In 1890, he helped organize the Comité des Citoyens (Citizens Committee) to offer legal resistance to the Separate Car Law of Louisiana. The Separate Car Law was passed by the Louisiana Legislature, requiring blacks and whites ride in separate coaches on all public transportation in the state. Martinet publicly denounced the Separate Car Law in the Daily Crusader and quickly mobilized African-American attorneys to combat the law. He was a key strategist in orchestrating Homer Adolph Plessy’s arrest for violating the Separate Car Act, an act that resulted in the landmark 1896 United States Supreme Court decision, Plessy vs.
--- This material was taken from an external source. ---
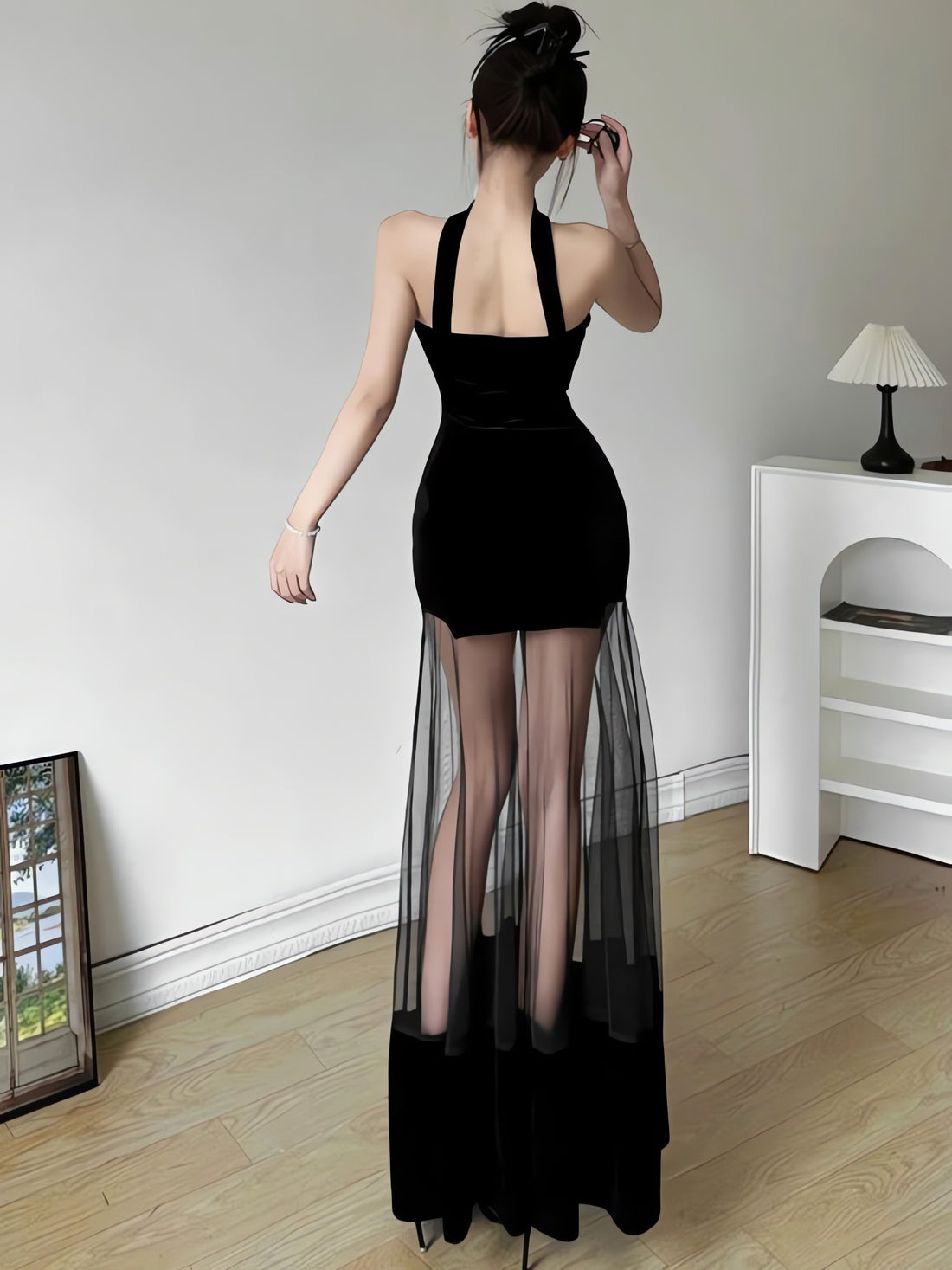 Strapless Sheer Maxi Dress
Ferguson, which established separate but equal as the law of the land. Because Martinet was not admitted to practice before the United States Supreme Court, he selected S.F. Phillips and A.W. Tourgee to serve as attorneys of record.

When the New Orleans Times Picayune announced the founding of the Louis A. Martinet Legal Society on May 13, 1957, Brown v. Board of Topeka was still fresh in the American consciousness and the promises of an end to racial segregation were more tangible to the Society’s pioneering founders. A. P. Tureaud was elected president of the statewide and the local New Orleans Chapter. Other state officers included Earl J. Amedee, Financial Secretary; Vanue B. Lacour (Baton Rouge), Corresponding secretary; and J. T. Powell (Shreveport), Treasurer. The local officers included Amedee, Secretary, and Benjamin J. Johnson, Treasurer.

Martinet’s objectives were to encourage interchange of ideas, promote legal scholarship, advance the science of jurisprudence, promote the administration of justice, uphold the order and ethics of the courts and the profession of law and promote the welfare of the legal profession in Louisiana.